WORK ORDER = Repeat verbatim what the listing holds, but not its pictures.
--- GIVEN MATERIAL ---
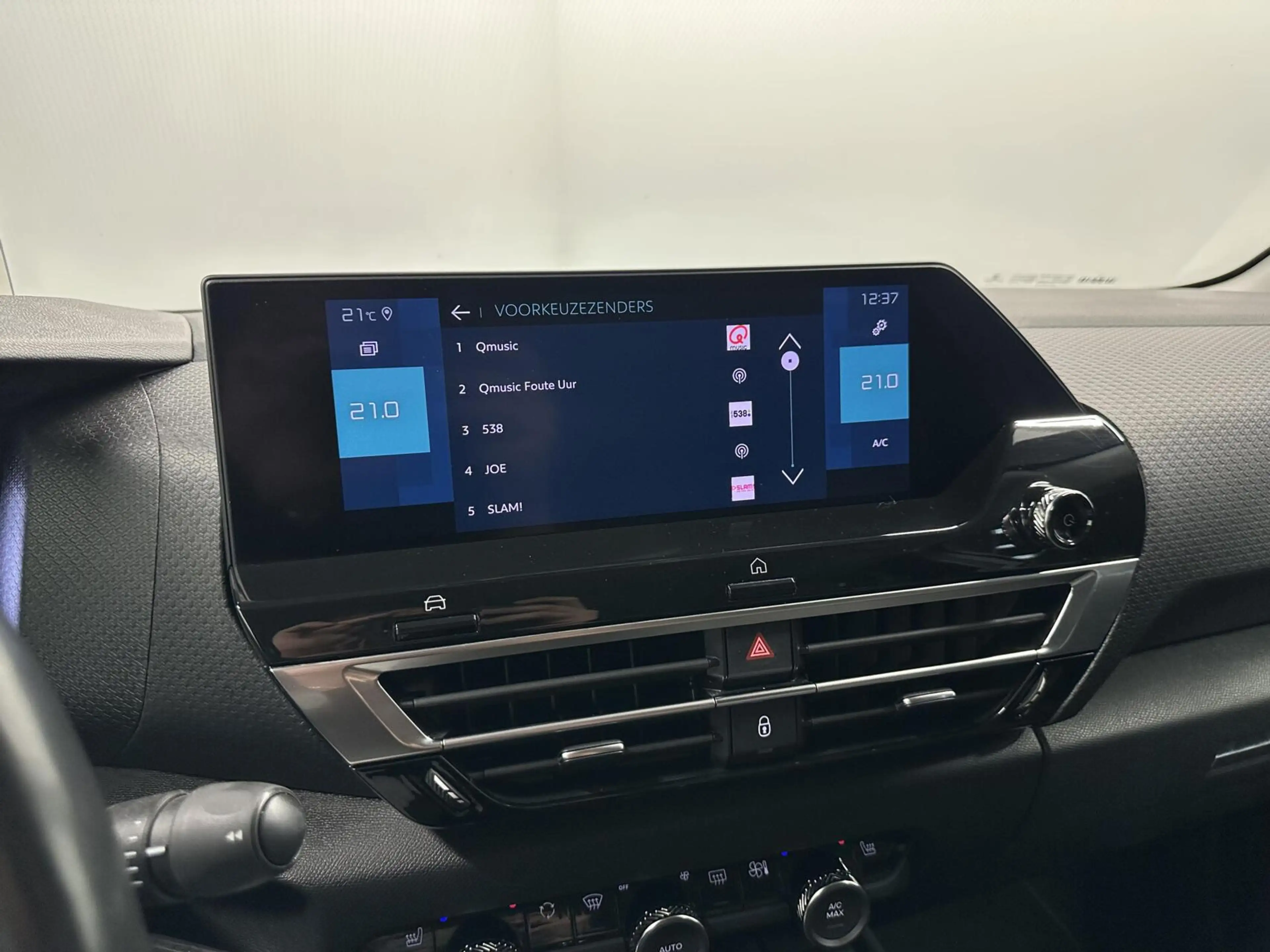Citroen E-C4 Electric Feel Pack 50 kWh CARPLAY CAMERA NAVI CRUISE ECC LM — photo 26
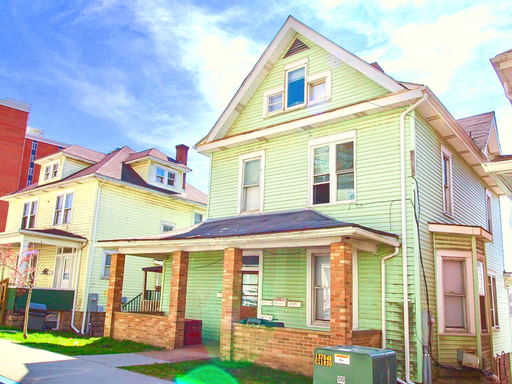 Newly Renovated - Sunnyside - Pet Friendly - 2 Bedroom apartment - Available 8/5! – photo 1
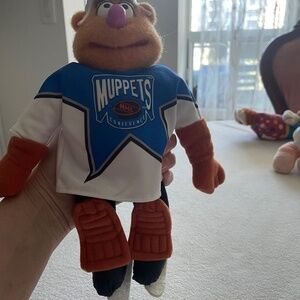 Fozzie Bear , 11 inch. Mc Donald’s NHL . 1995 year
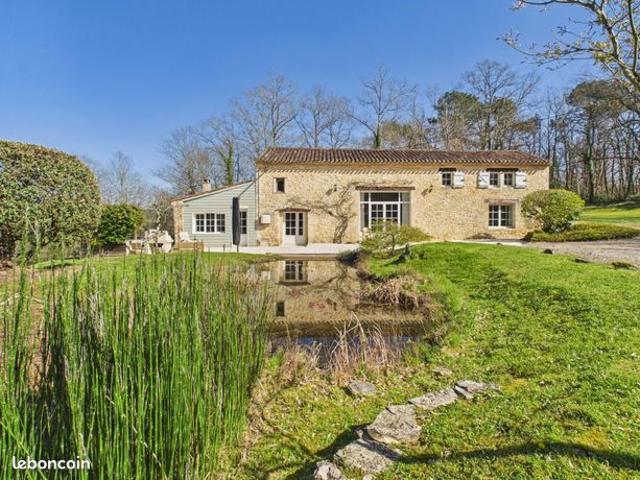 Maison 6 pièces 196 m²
---
RESULT FOR THIS TASK =
Citroen E-C4 Electric Feel Pack 50 kWh CARPLAY CAMERA NAVI CRUISE ECC LM — photo 26
 Newly Renovated - Sunnyside - Pet Friendly - 2 Bedroom apartment - Available 8/5! – photo 1
 Fozzie Bear , 11 inch. Mc Donald’s NHL . 1995 year
 Maison 6 pièces 196 m²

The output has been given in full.